Below are entries. Give back exactly the lines from the one containing "Meyda Lighting Greenbriar" through the one containing "- Afbeelding 2", inclusive, without the pictures.

======== DATA FOR PROCESSING ========

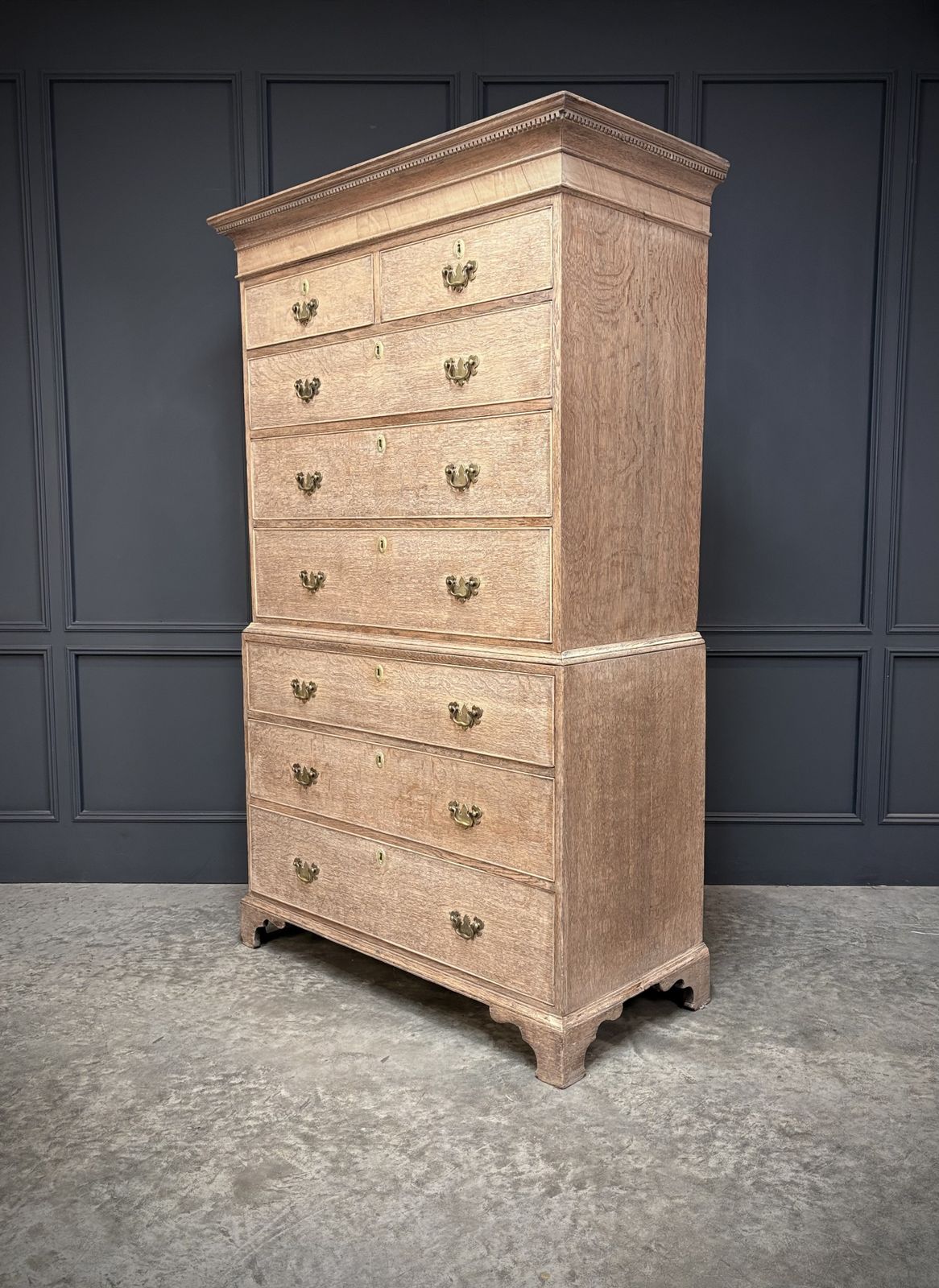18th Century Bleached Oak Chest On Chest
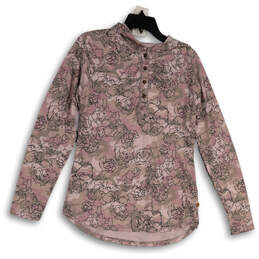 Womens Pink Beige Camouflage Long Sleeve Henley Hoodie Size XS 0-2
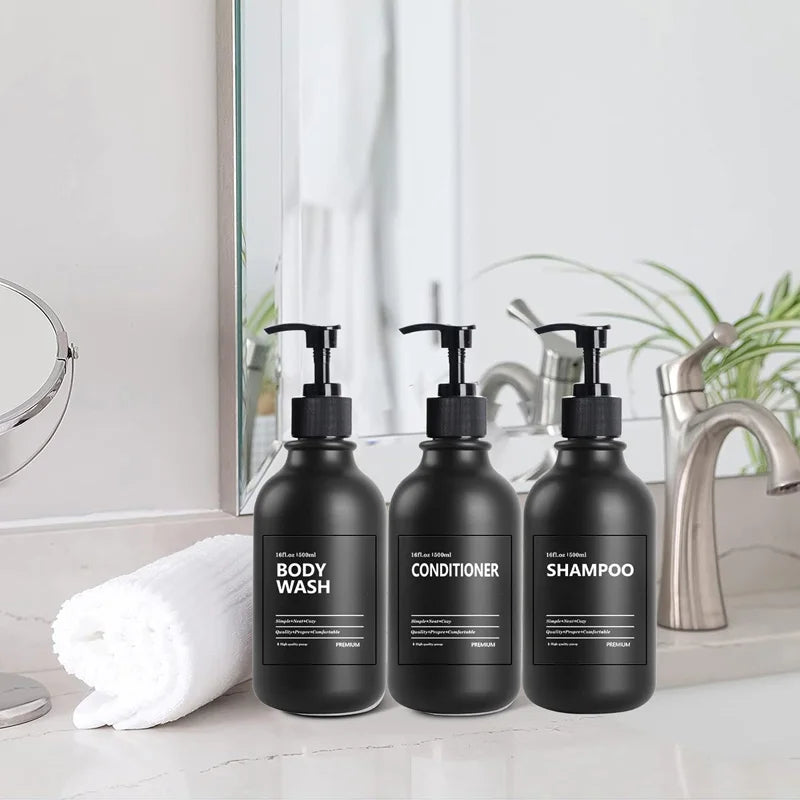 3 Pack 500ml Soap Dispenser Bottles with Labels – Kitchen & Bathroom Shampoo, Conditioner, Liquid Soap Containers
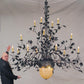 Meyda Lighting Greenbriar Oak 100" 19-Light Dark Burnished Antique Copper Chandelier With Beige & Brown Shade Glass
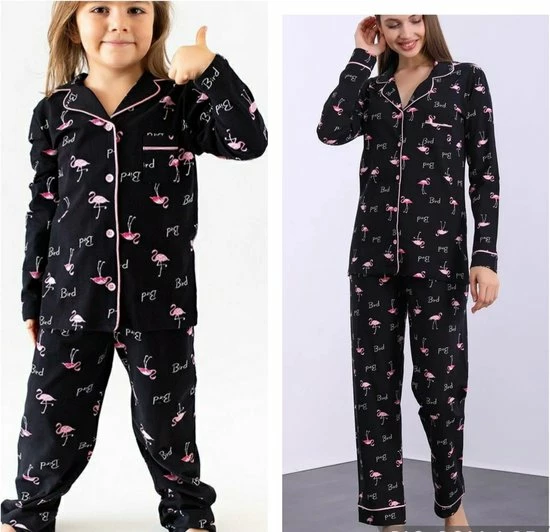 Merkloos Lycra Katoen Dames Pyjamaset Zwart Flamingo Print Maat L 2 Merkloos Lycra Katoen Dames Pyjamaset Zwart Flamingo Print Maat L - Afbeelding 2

========
======== DATA FOR PROCESSING ========

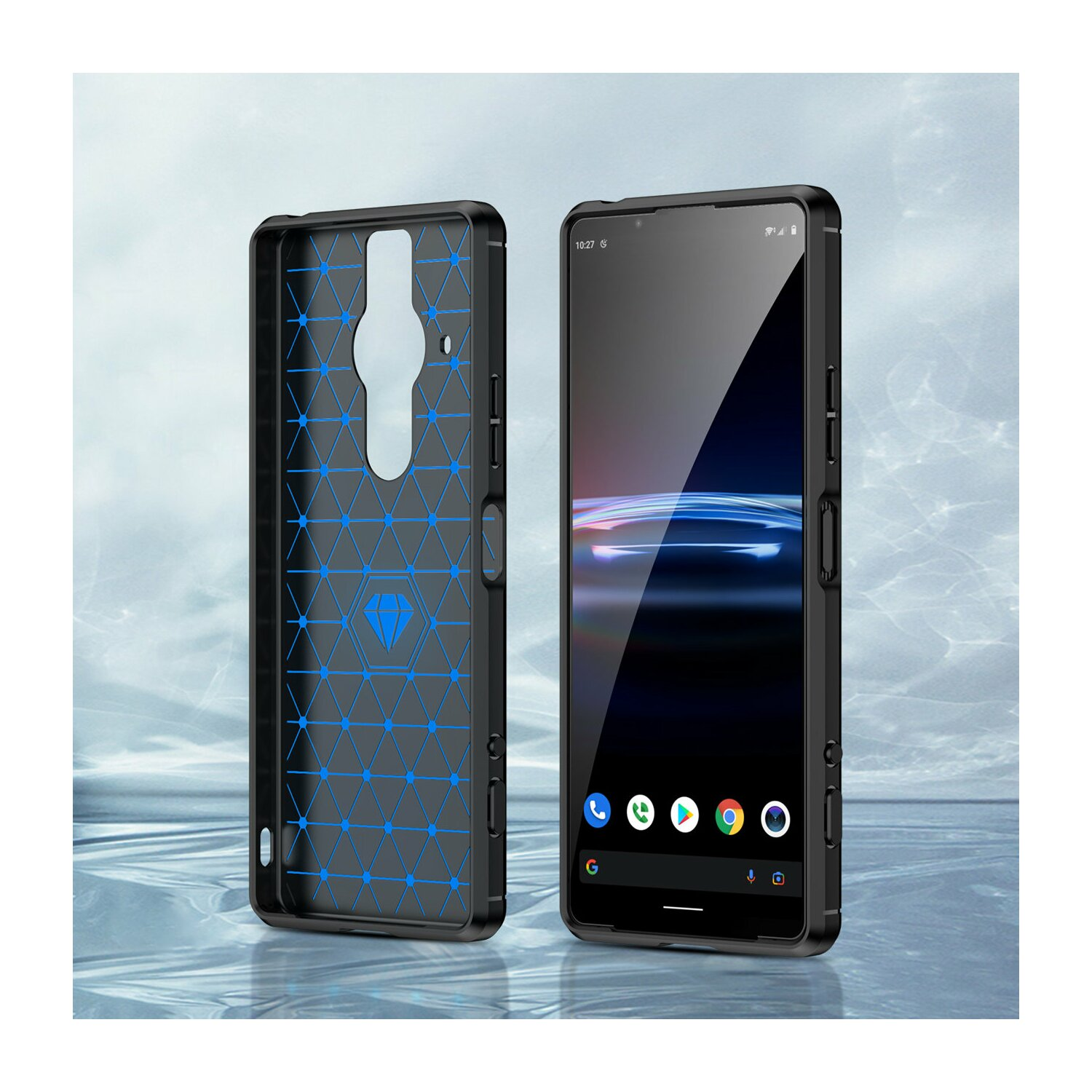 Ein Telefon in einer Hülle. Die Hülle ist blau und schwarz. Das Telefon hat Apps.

========
======== DATA FOR PROCESSING ========

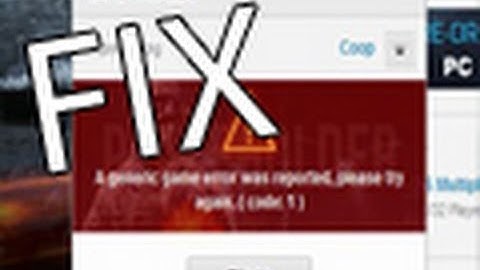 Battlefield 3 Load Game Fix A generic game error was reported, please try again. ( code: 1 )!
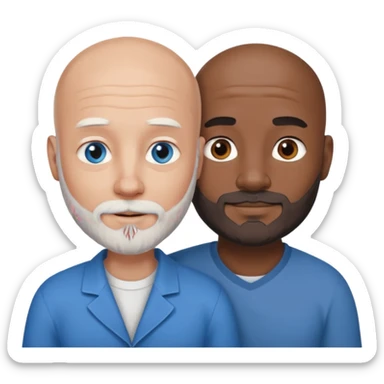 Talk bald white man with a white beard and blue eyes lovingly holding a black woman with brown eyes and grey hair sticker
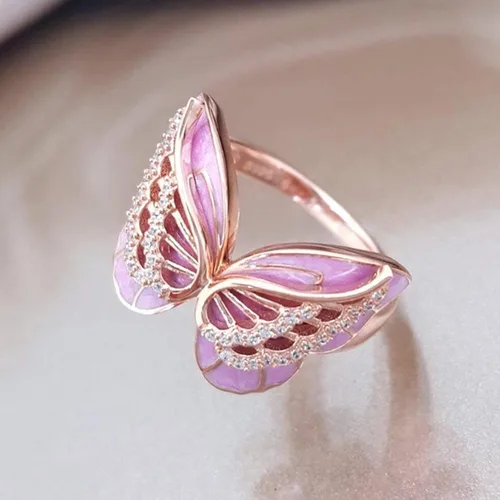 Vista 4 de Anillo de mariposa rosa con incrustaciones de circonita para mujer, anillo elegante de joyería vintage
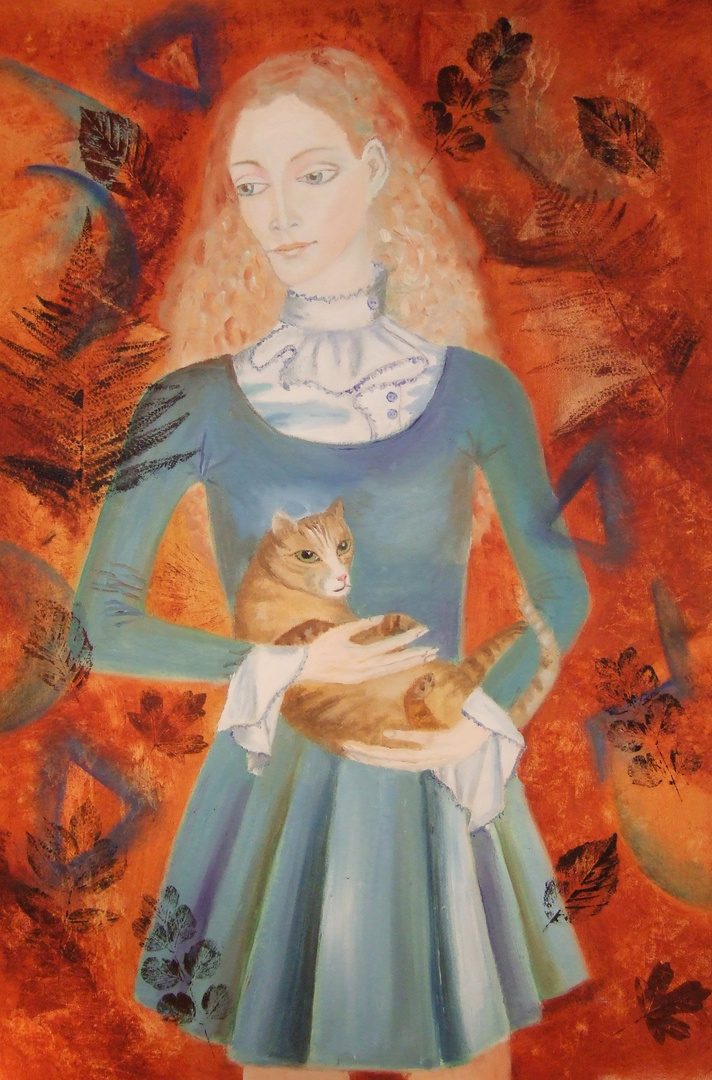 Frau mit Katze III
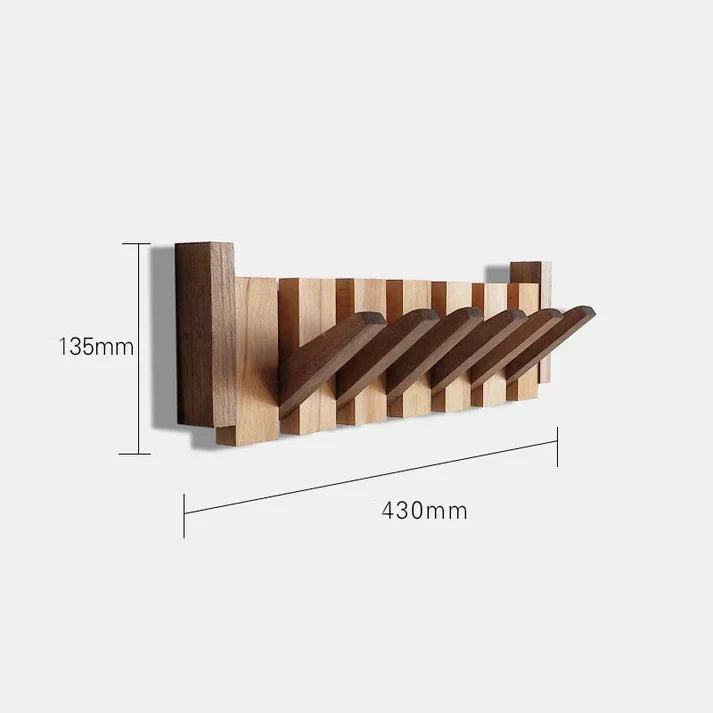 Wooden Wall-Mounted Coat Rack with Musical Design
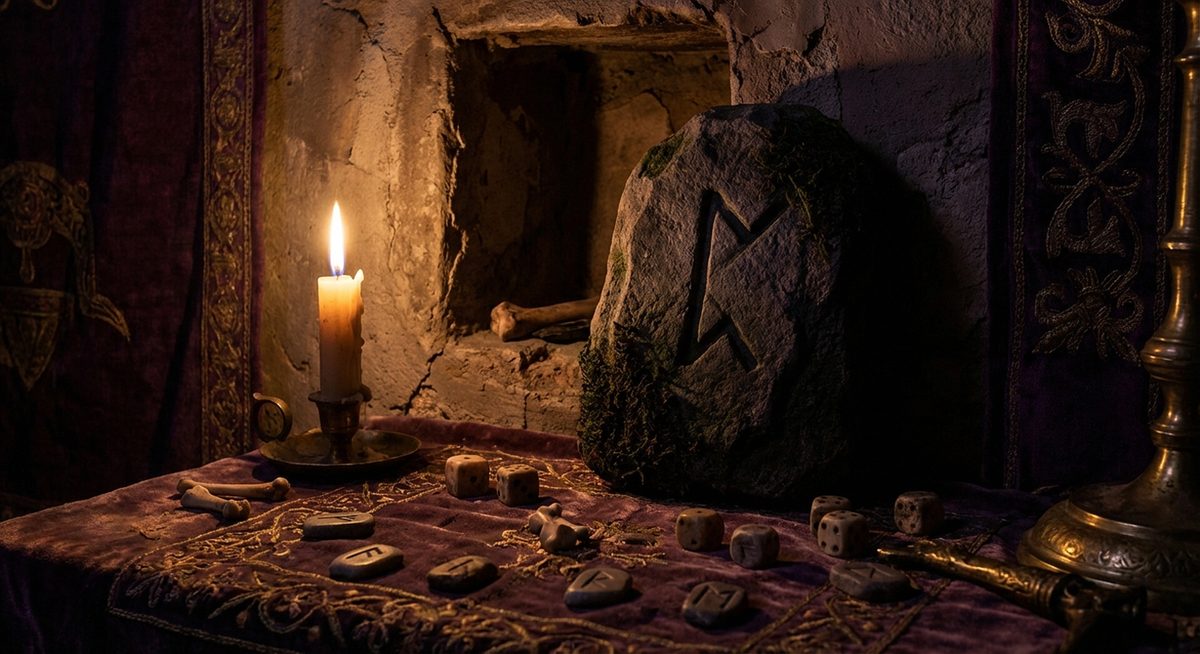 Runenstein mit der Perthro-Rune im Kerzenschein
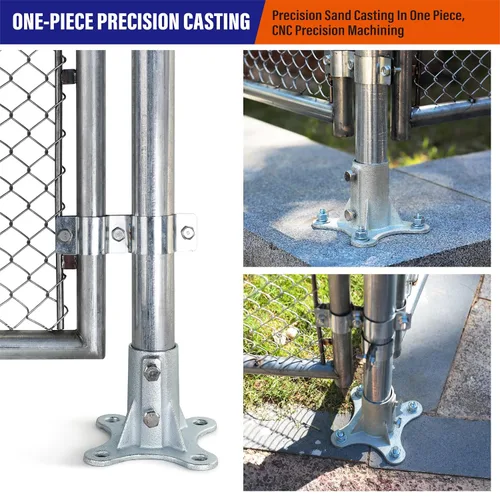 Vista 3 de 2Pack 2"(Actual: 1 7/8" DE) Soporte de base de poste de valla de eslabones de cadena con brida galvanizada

========

RESULT:
 Meyda Lighting Greenbriar Oak 100" 19-Light Dark Burnished Antique Copper Chandelier With Beige & Brown Shade Glass
 Merkloos Lycra Katoen Dames Pyjamaset Zwart Flamingo Print Maat L 2 Merkloos Lycra Katoen Dames Pyjamaset Zwart Flamingo Print Maat L - Afbeelding 2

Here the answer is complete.